→ What needs to be done: All lines from the one with "2022 SHINDAIWA DGK25F" onward, through the last line of the records below, are to be retyped word for word.

→ Extracted information:
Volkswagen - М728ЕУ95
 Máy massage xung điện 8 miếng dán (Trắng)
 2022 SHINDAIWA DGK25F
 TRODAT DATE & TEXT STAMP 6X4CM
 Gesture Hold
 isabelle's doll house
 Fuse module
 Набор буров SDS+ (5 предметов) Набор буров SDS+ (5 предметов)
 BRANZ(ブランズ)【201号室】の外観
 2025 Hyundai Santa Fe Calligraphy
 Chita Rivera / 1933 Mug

→ Response to this task:
 2022 SHINDAIWA DGK25F
 TRODAT DATE & TEXT STAMP 6X4CM
 Gesture Hold
 isabelle's doll house
 Fuse module
 Набор буров SDS+ (5 предметов) Набор буров SDS+ (5 предметов)
 BRANZ(ブランズ)【201号室】の外観
 2025 Hyundai Santa Fe Calligraphy
 Chita Rivera / 1933 Mug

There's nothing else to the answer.